(Beginning of THE DATA)
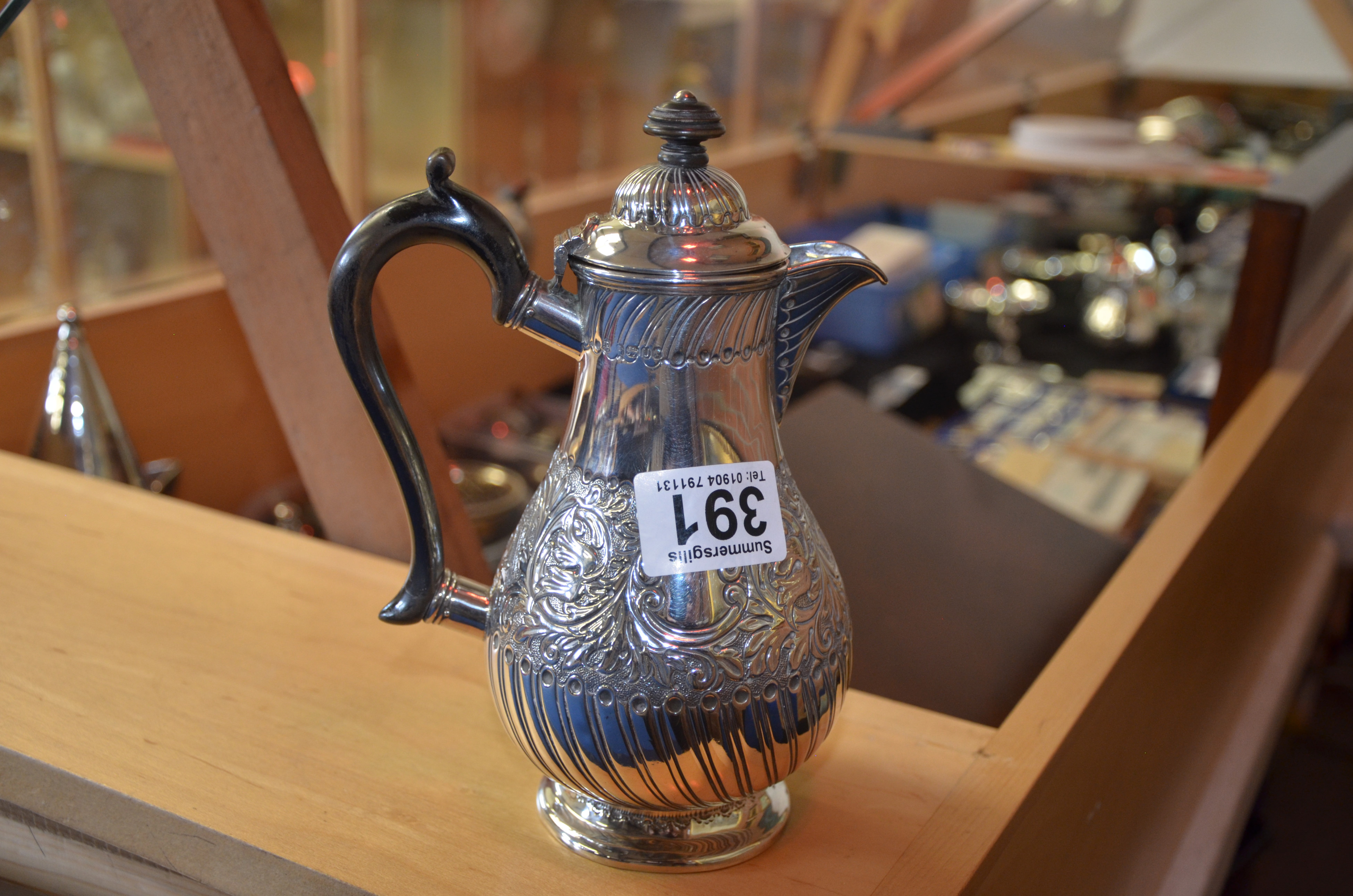 London Silver coffee pot 294g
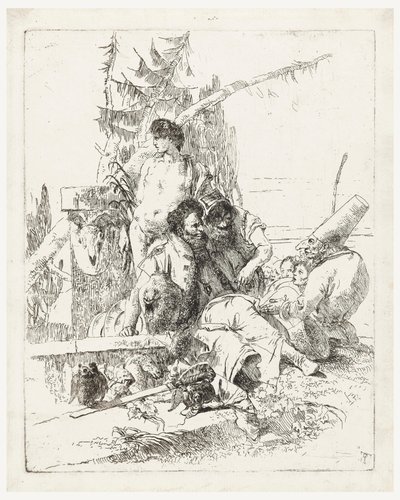 Scherzi di Fantasia by Giovanni Battista Tiepolo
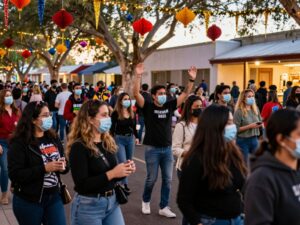 Community celebration in Phoenix highlighting health awareness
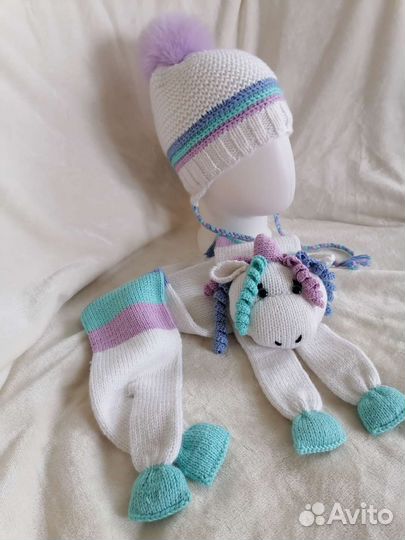 Шапка и шарф для девочки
(End of THE DATA)
Only the lines from the one containing "Scherzi di Fantasia" through the end of the listing above should be reproduced, exactly as they stand. Leave the pictures out.

### TASK RESULT
 Scherzi di Fantasia by Giovanni Battista Tiepolo
 Community celebration in Phoenix highlighting health awareness
 Шапка и шарф для девочки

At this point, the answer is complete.